Title: Detecting whales from aerial imagery

Remote sensing technologies have significantly advanced ecological monitoring, offering unprecedented capabilities for species detection and conservation efforts. However, the manual annotation of extensive aerial surveys remains a daunting task. In collaboration with the Department of Fisheries and Oceans (DFO), we introduce a novel semi-automated deep learning-based whale detection pipeline. This innovative approach aims to enhance the efficiency and scalability of annotating large-scale surveys by addressing challenges such as weak whale signatures, the presence of lookalikes, and heterogeneity. The seminar will focus on the intricacies of training a small object detection model tailored to these challenges, exploring solutions, and discussing aspects of online learning and domain adaptation for ever-changing environmental conditions.

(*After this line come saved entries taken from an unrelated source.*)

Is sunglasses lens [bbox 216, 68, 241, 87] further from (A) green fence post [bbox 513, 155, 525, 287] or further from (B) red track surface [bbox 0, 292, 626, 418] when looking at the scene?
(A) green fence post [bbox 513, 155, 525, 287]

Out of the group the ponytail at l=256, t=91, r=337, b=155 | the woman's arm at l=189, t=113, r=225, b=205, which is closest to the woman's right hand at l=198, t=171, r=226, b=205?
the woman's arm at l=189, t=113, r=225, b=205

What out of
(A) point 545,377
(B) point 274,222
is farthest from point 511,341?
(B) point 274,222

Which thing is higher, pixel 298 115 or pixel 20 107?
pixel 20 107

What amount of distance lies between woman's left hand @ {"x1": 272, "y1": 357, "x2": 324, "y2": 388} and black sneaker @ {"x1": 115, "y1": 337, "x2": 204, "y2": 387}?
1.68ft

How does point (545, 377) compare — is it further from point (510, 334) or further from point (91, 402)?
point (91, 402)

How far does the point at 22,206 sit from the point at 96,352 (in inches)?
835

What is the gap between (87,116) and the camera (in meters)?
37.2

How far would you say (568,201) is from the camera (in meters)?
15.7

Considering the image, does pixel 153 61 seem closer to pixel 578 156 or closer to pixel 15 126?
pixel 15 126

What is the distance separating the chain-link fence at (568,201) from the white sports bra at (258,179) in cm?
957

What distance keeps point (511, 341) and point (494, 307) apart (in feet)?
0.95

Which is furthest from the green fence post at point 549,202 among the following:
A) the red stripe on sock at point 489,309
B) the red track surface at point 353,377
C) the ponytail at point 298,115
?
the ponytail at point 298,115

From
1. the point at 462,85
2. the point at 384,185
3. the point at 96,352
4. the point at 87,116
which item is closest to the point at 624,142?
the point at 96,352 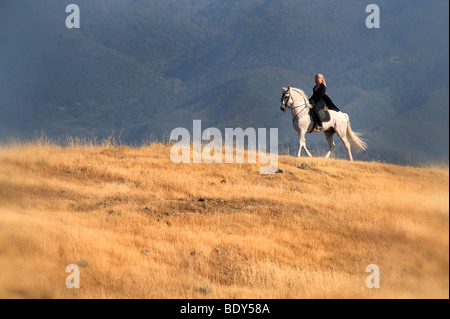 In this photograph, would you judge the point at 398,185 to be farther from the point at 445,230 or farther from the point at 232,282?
the point at 445,230

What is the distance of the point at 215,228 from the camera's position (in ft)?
58.7

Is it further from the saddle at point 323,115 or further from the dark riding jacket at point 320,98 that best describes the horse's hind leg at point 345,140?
the dark riding jacket at point 320,98

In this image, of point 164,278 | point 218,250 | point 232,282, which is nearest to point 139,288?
point 164,278

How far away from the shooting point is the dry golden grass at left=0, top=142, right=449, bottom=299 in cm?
1238

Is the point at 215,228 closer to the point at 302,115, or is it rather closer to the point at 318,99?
the point at 302,115

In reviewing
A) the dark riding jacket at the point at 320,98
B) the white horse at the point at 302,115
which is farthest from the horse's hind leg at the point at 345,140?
the dark riding jacket at the point at 320,98

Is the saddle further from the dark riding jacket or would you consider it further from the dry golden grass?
the dry golden grass

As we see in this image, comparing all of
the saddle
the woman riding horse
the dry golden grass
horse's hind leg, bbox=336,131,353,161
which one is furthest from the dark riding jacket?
the dry golden grass

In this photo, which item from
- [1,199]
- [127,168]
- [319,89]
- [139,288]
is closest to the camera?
[139,288]

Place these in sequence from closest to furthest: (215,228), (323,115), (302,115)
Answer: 1. (215,228)
2. (302,115)
3. (323,115)

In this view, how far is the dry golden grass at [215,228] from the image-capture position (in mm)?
12383

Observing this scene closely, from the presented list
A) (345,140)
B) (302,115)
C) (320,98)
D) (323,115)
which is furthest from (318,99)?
(345,140)

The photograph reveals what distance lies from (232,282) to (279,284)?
1157 millimetres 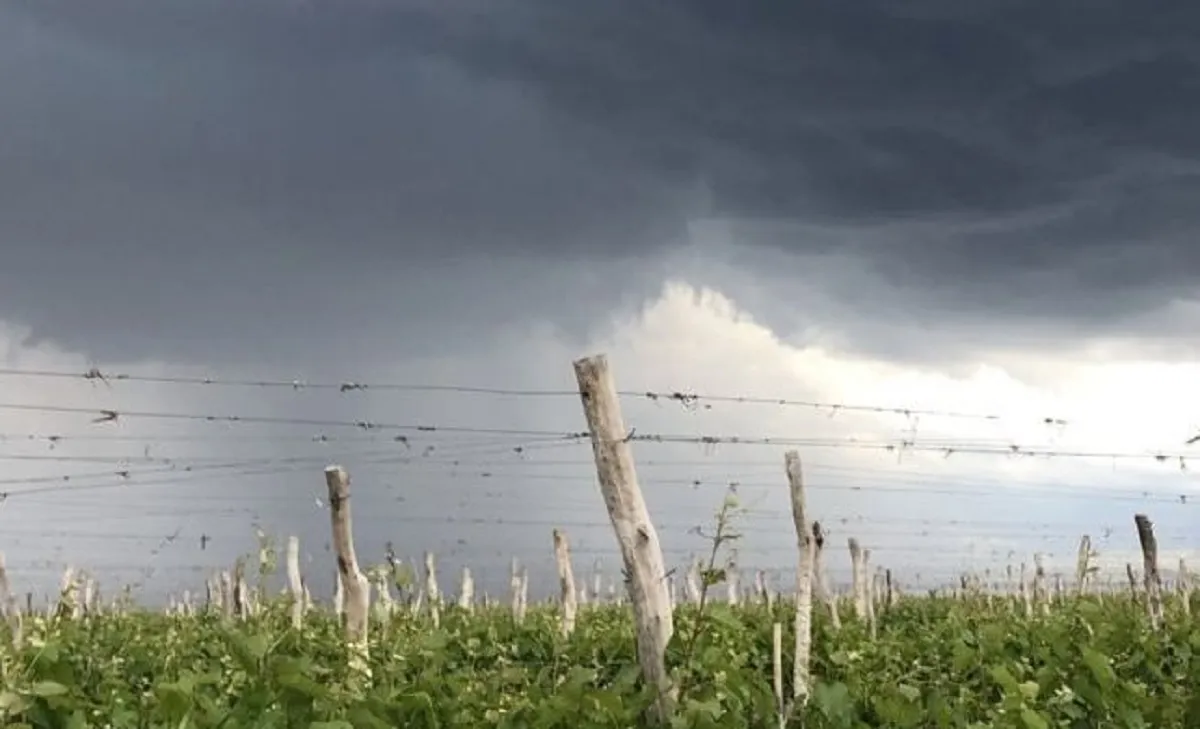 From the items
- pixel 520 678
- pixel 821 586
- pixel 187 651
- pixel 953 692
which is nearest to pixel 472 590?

*** 12:00pm Presenter:  Javier Noa Turnes ***

Title: Long-range spatial dependencies for sea ice semantic segmentation.

Studying sea ice presence in the Arctic is pivotal in the sustainable development of society in northern communities. For ice agencies, synthetic aperture radar (SAR) images are the most prevalent data source to generate ice charts that offer a coarse description of ice concentration and prevailing ice types. While such a product aids analysts, it lacks relevant pixel-level information to locate and describe the ice formation. Therefore, there is a significant effort to obtain automatic methods to generate detailed sea ice maps. The nature of SAR images produces significant class variability that leads to spatial non-stationary statistics, posing challenges for sea ice mapping when using current deep learning architectures that ignore large-scale context. Towards enhancing automated sea ice classification, I am presenting a methodology that makes the most of local and global information and gives treatment to boundaries on semantic segmentation of ice and water. Three blocks are utilized, a convolutional neural network (CNN), unsupervised segmentation, and self-attention from transformer networks. Finally, there are two prediction heads: i) pixel-based, on the CNN output, and ii) region-based, on the transformer output. In this manner, the model learns to capture large spatial feature interactions to tackle non-stationary statistics. The main function of region-based head is to promote region-consistent feature maps for pixel-based prediction.